- Opening Delimiter -

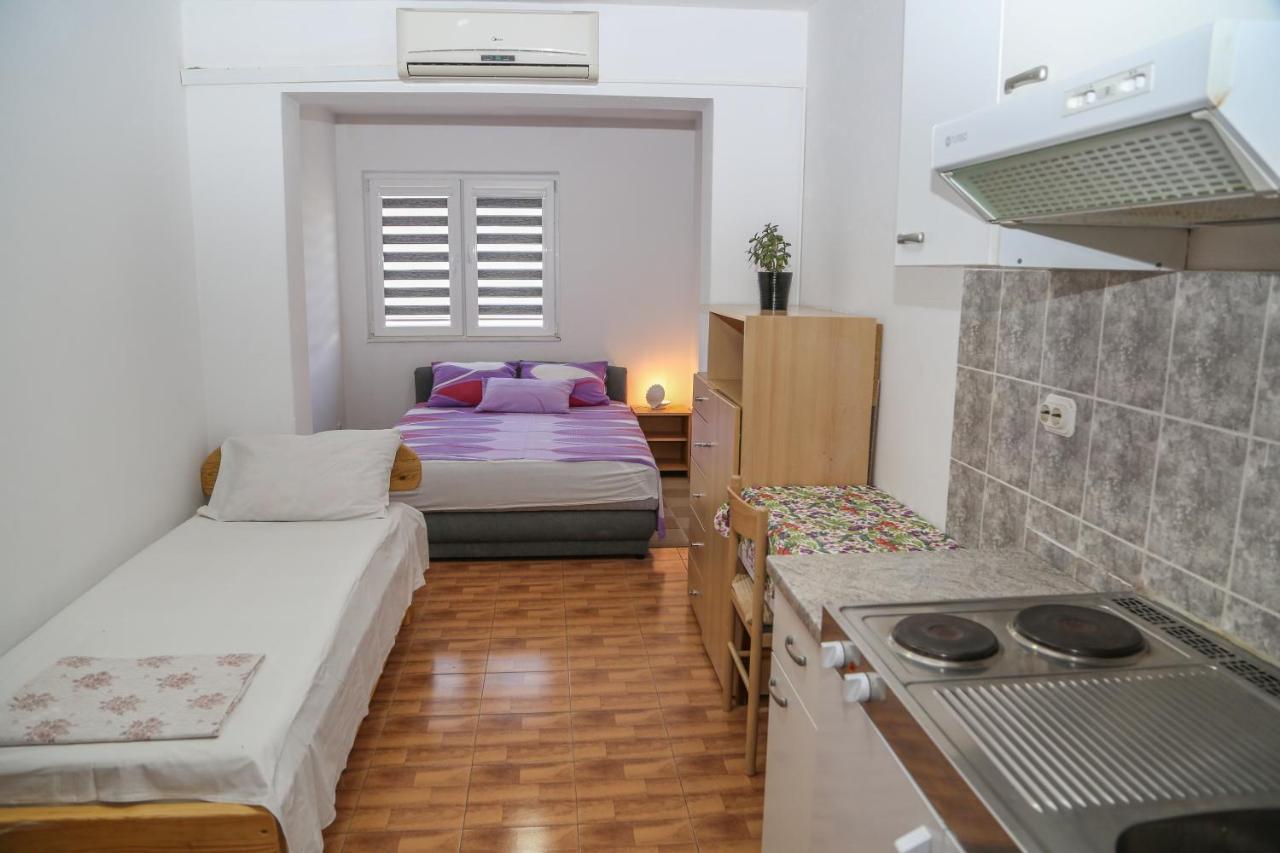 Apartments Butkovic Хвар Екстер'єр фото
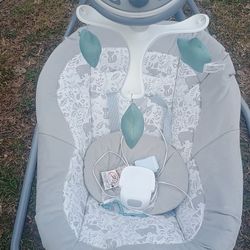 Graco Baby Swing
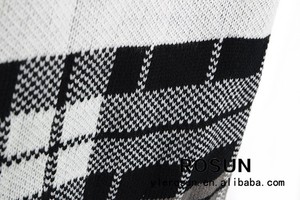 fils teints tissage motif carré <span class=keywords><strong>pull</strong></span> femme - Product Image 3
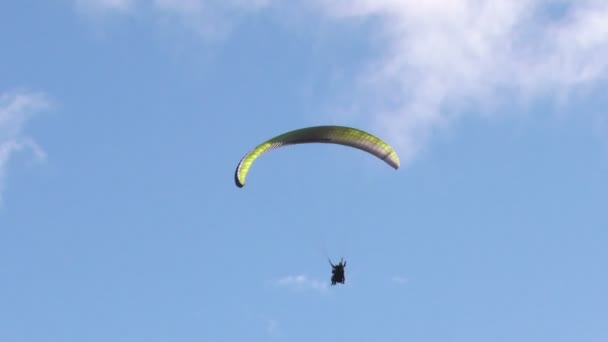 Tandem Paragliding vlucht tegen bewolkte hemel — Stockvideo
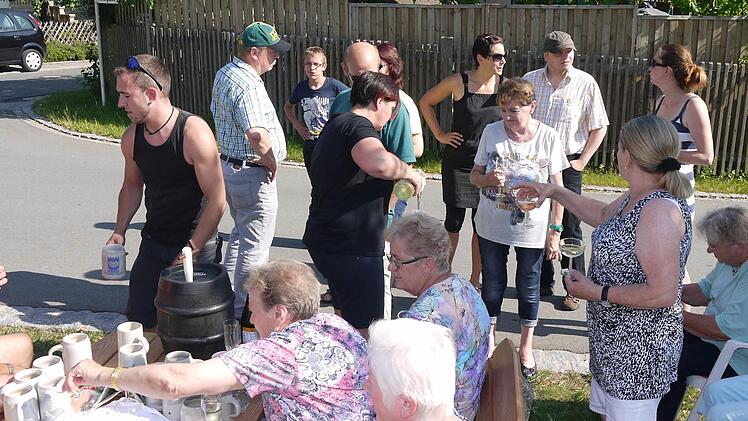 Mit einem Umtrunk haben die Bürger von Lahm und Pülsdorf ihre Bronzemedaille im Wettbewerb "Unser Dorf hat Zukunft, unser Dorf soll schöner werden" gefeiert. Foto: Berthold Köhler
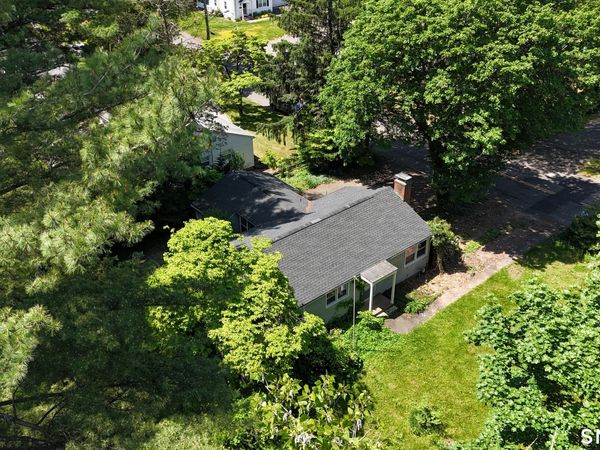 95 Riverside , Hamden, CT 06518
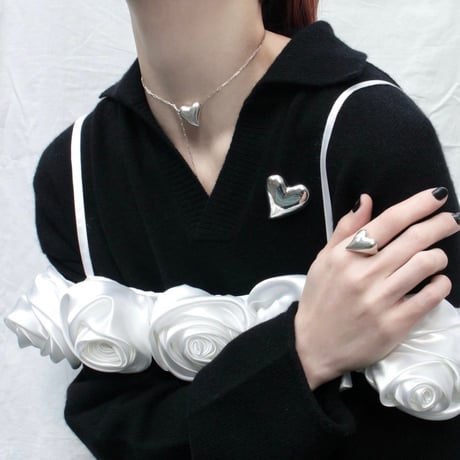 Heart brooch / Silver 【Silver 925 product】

- Closing Delimiter -

## THE PROBLEM
The expected output is exactly the lines from the one containing "Tandem Paragliding vlucht" through the last line of the listing, both included, with every picture left out.

## REPLY
 Tandem Paragliding vlucht tegen bewolkte hemel — Stockvideo
 Mit einem Umtrunk haben die Bürger von Lahm und Pülsdorf ihre Bronzemedaille im Wettbewerb "Unser Dorf hat Zukunft, unser Dorf soll schöner werden" gefeiert. Foto: Berthold Köhler
 95 Riverside , Hamden, CT 06518
 Heart brooch / Silver 【Silver 925 product】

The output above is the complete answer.